Go Back
Print

Beef & Barley Stew

This mouth-watering comfort stew will be loved by everyone!  Hearty and filling and freezes well.
Servings 6
Author Jayme

Ingredients

  • 1-1.5 pounds stew meat
  • 64 ounces beef broth (or 8 cups of water + 8 beef bouillon cubes)
  • 1 large 1 large onion, chopped
  • 1 Tablespoon Worcestershire sauce
  • 1 teaspoon dried thyme
  • 1 teaspoon dried oregano
  • 2 bay leaves
  • salt & pepper, to taste
  • 1 can diced tomatoes (about 14.5 ounces)
  • 1 cup chopped celery
  • 2 cups chopped carrots
  • 8 ounces sliced baby bella mushrooms optional - I often leave out
  • 1/2 cup wild rice optional
  • 1/2 cup barley optional, but delicious

Instructions

  • To a large stock pot, add stew meat, broth, onion, Worcestershire sauce, thyme, oregano, bay leafs, salt and pepper. Bring to a boil.
  • Reduce heat, cover and simmer for 1 ­1/2 hours.
  • (Optional) Remove meat from pot; cut into smaller size pieces, if desired. Return to the pot.
  • Add tomatoes, celery, carrots, mushrooms, barley and wild rice. Return to boiling. Reduce heat, cover and simmer an hour or until vegetables are tender. Can let simmer longer - the flavor is amazing!
  • To serve, remove bay leaves and spoon into bowls!
  • To freeze: Cool soup. Put into freezer safe container (such as freezer bags or freezer containers). To serve, thaw in refrigerator, then re-heat.

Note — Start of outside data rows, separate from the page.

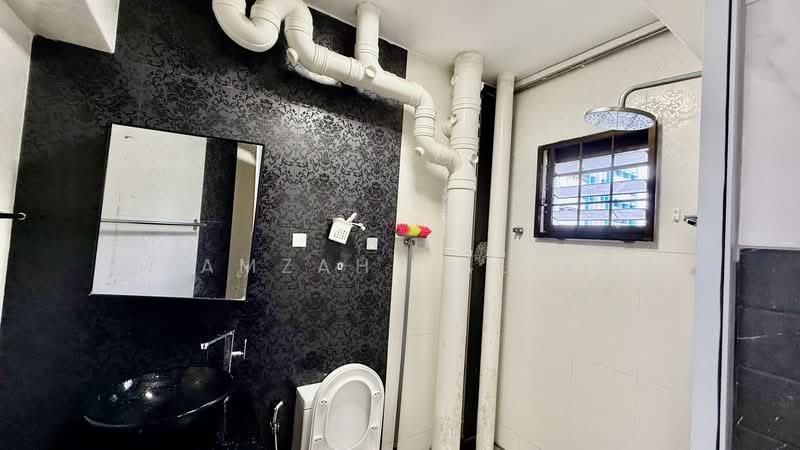 970 Hougang Street 91, 970 Hougang Street 91, 3 Bedrooms, 1,076 sqft, HDB Flat For Sale, by Hamzah Salleh, 500109478 - Bathroom - PropertyGuru.com.sg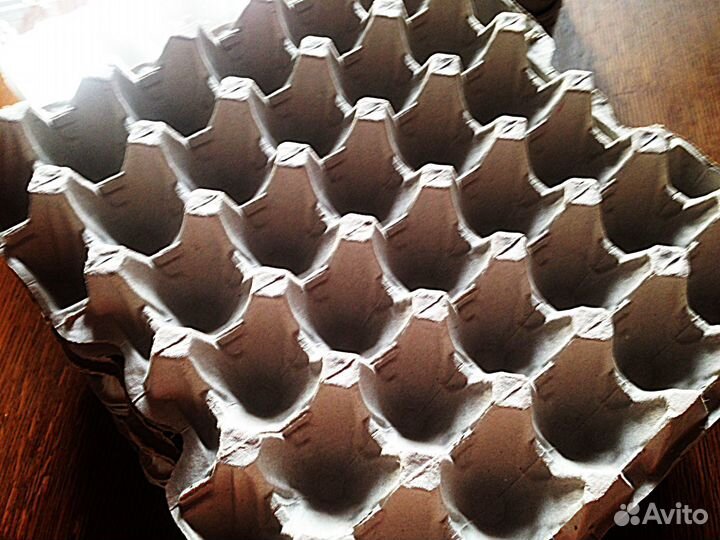 Лотки (тара, контейнеры, ячейки) под куриное яйцо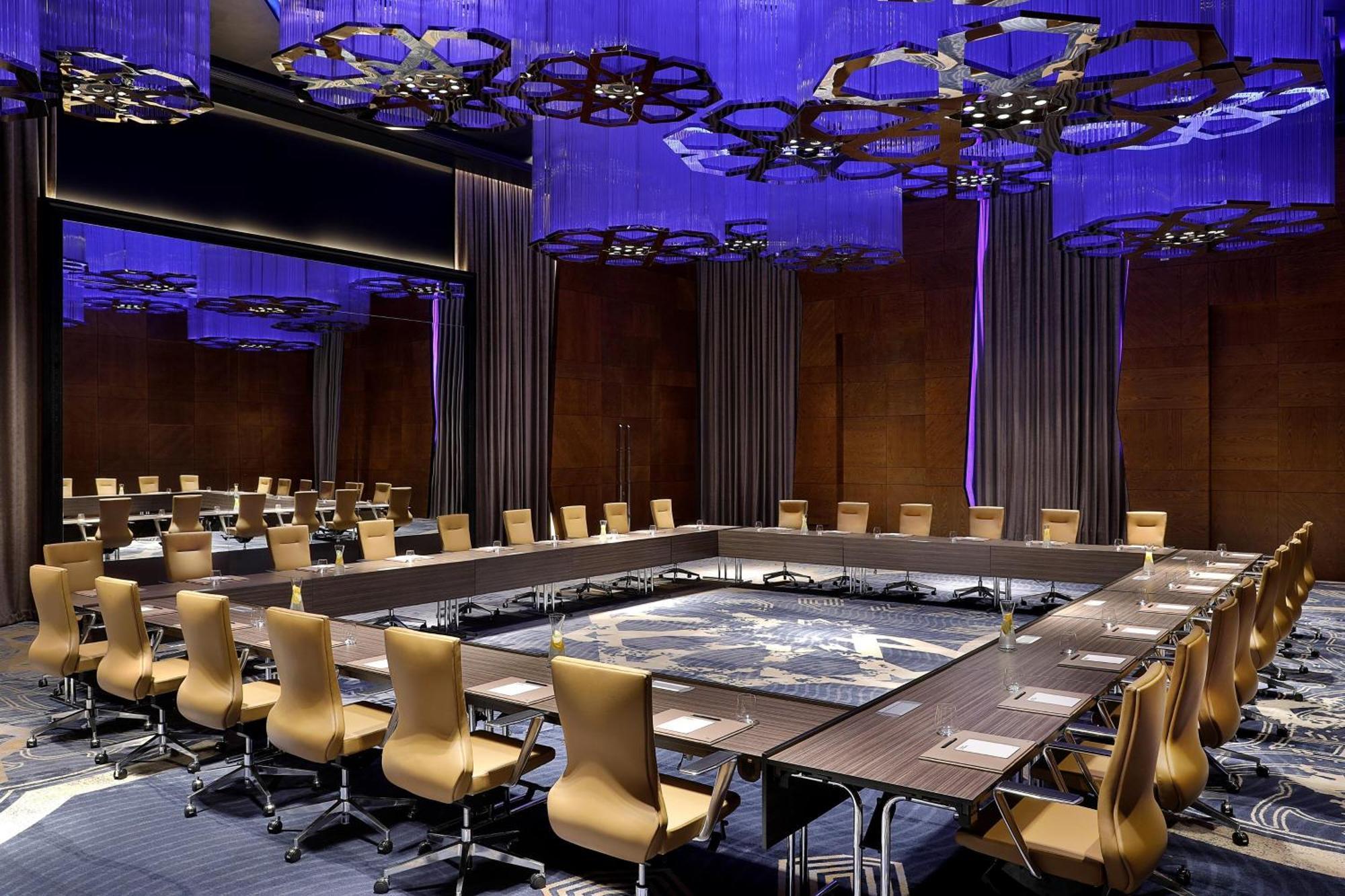ホテル W マスカット エクステリア 写真 The meeting room of the European Council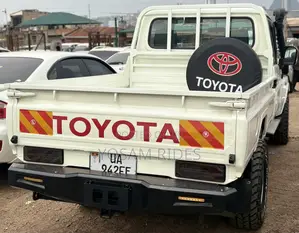 Toyota Land Cruiser 79 Series 2015 White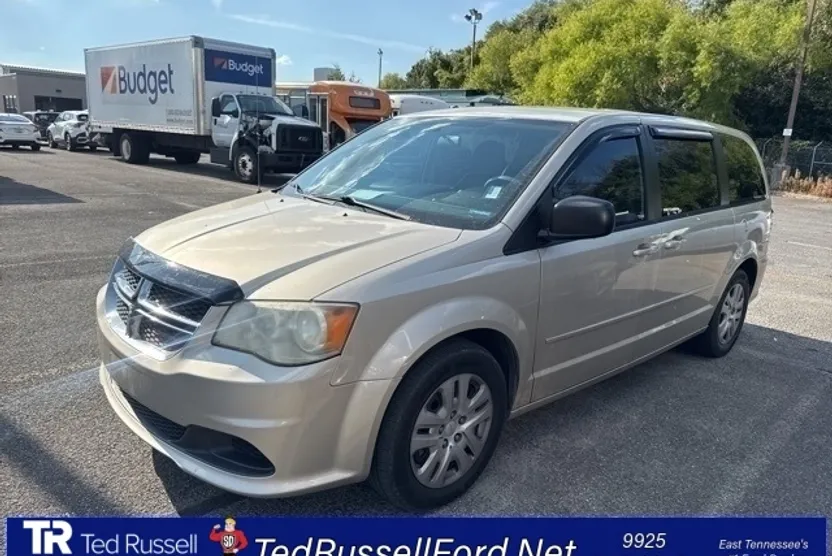 2014 Dodge Grand Caravan SE photo 1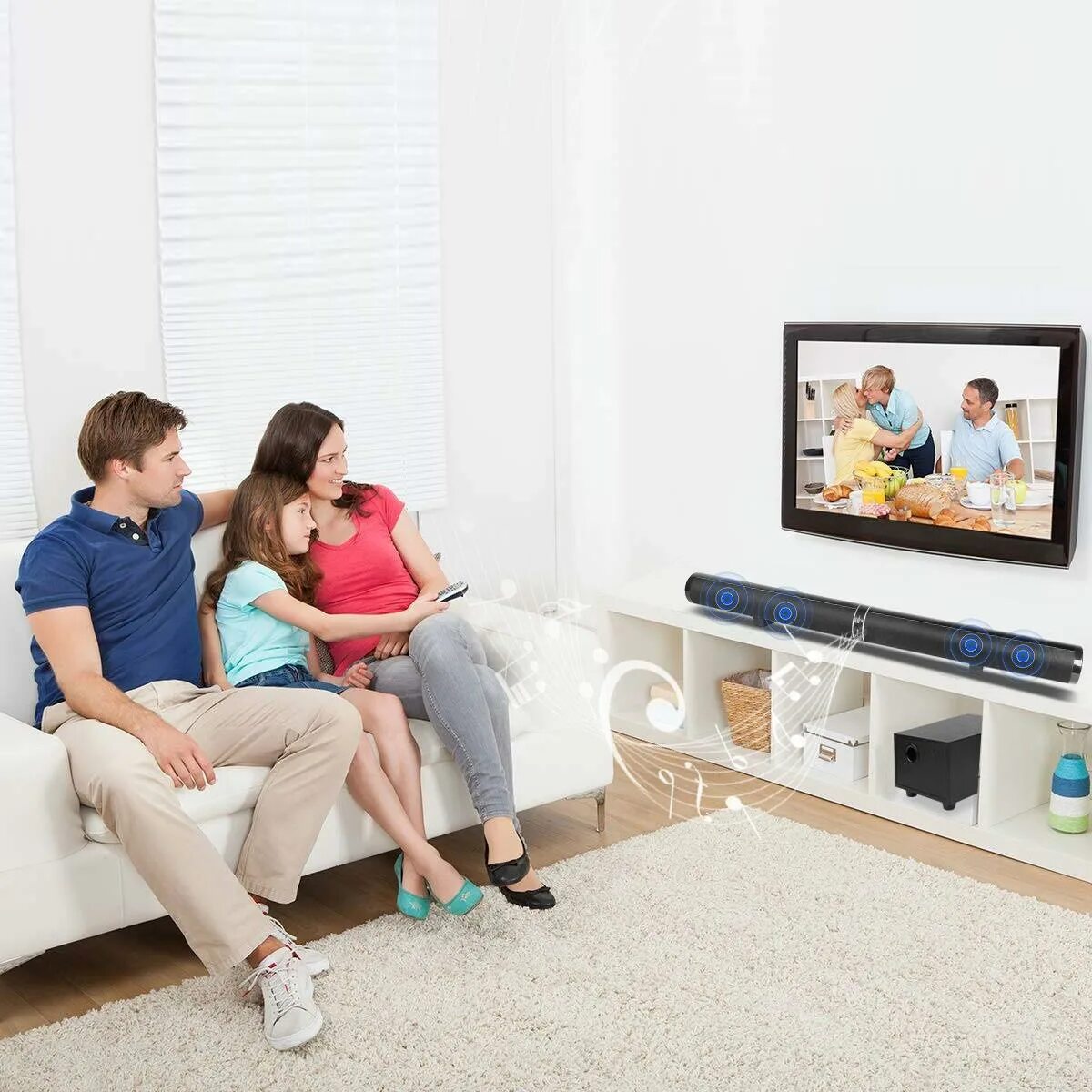 Диван перед телевизором. Семья у телевизора. Семья перед Телеком. Семья на диване перед телевизором. Семья смотрит телевизор.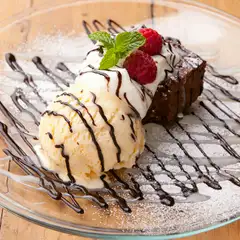 『リッチチョコのガトーショコラ　自家製バニラアイス添え』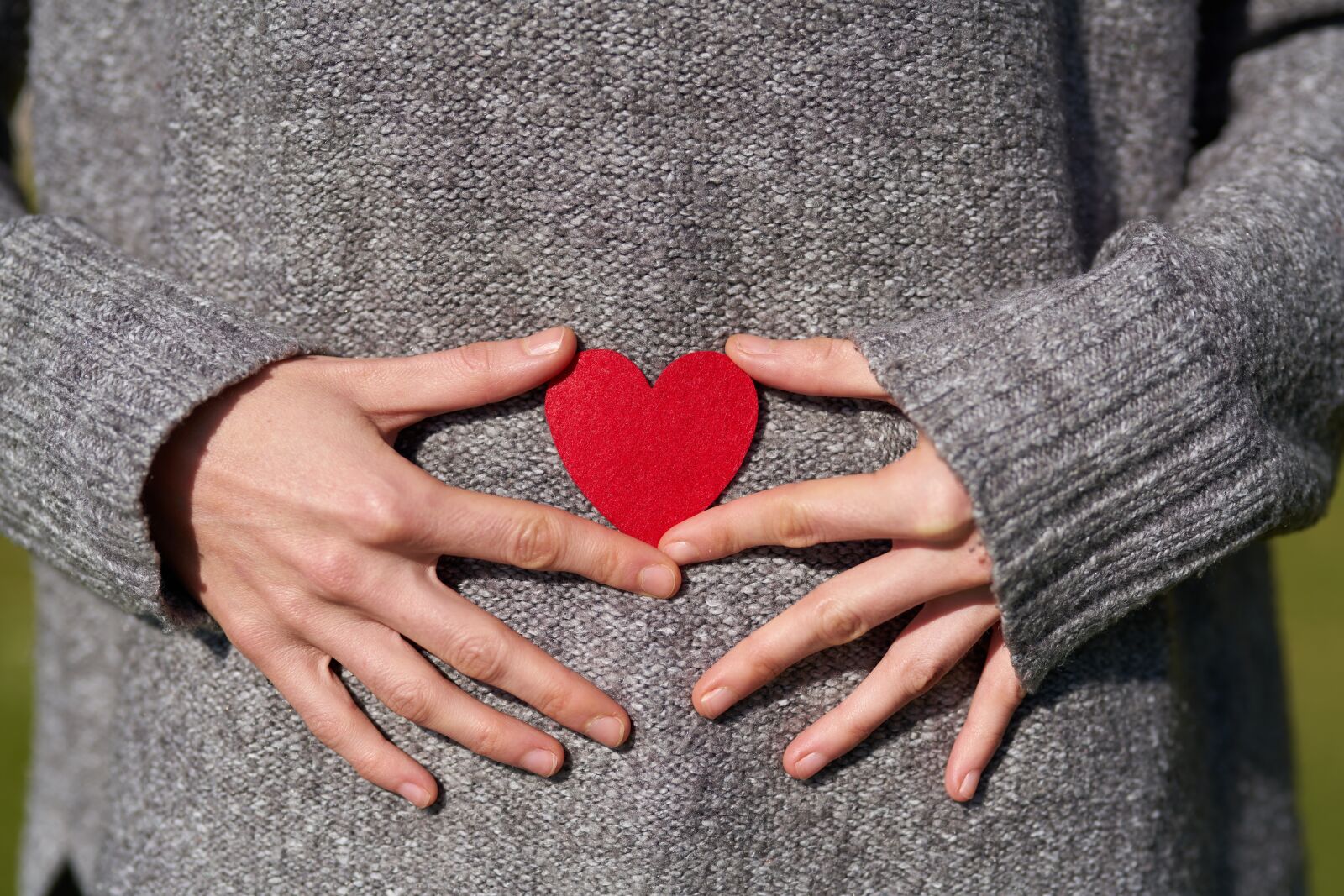 Sigma 85mm F1.4 DG HSM Art sample photo. Pregnant, child, valentine's day photography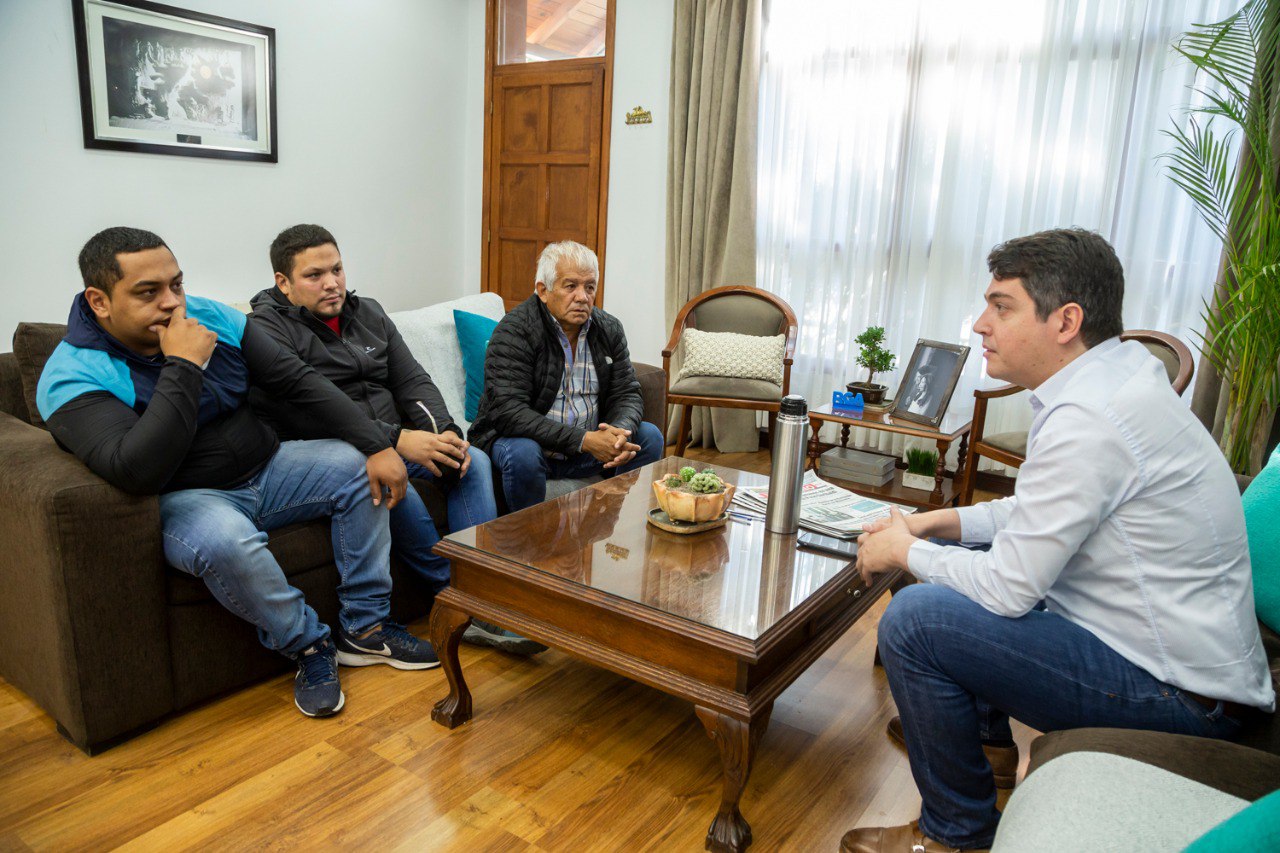 Photo5102719420698044575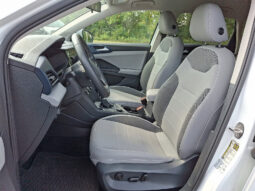 2022 Volkswagen Taos SE AWD full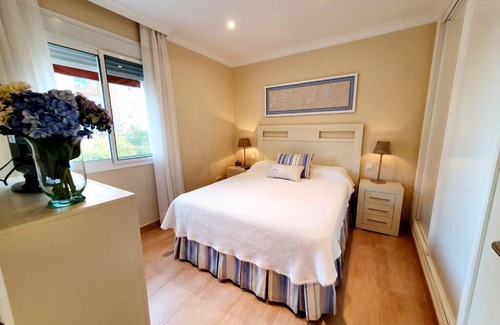 Fuengirola Apartment | Boliches parking & beach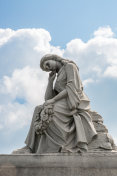 公共公墓雕像的一个女人靠在她的手，Cloudscape背后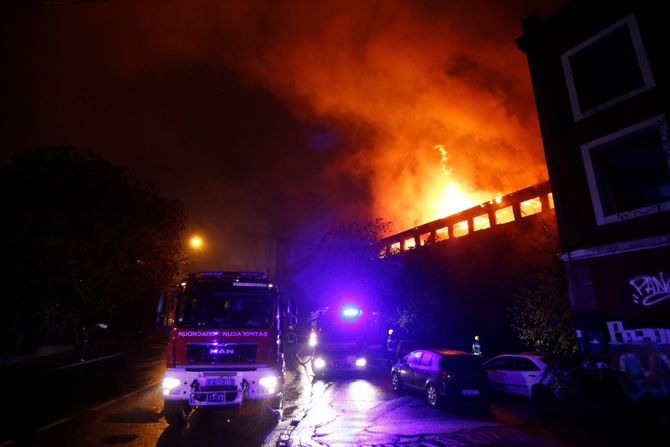 Gori staro postrojenje u bulevaru Despota Stefana požar kod Pančevačkog mosta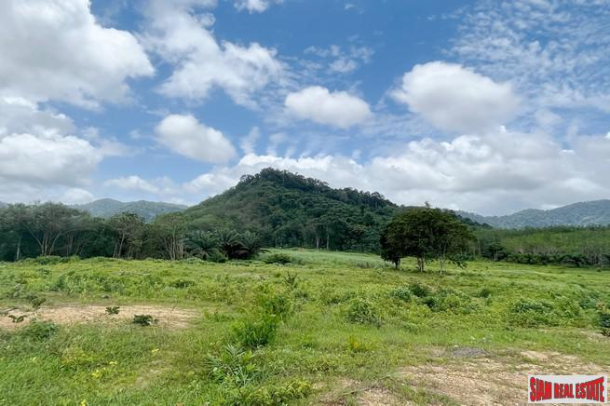A large plot of 101 rai with clear water stream and mountain view for sale in Khuekkhak, Phangnga-11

Reheat in a stock pot or Dutch oven until heated through.

Notes

  • For an easier to eat experience, I cut the stew meat into smaller pieces about 1/2 way through cooking, but that's optional.  It's just easiest to cut then.
  • The longer it simmers, the better.  The flavors really come together well that way.  I’ll make it early on a Sunday afternoon and either serve it that night or serve it the next night.
  • While the wild rice and barley are optional, please try it with it!  It really increases the heartiness of this dish.
  • This makes wonderful leftovers and freezes well, so if you have a pot big enough, double it!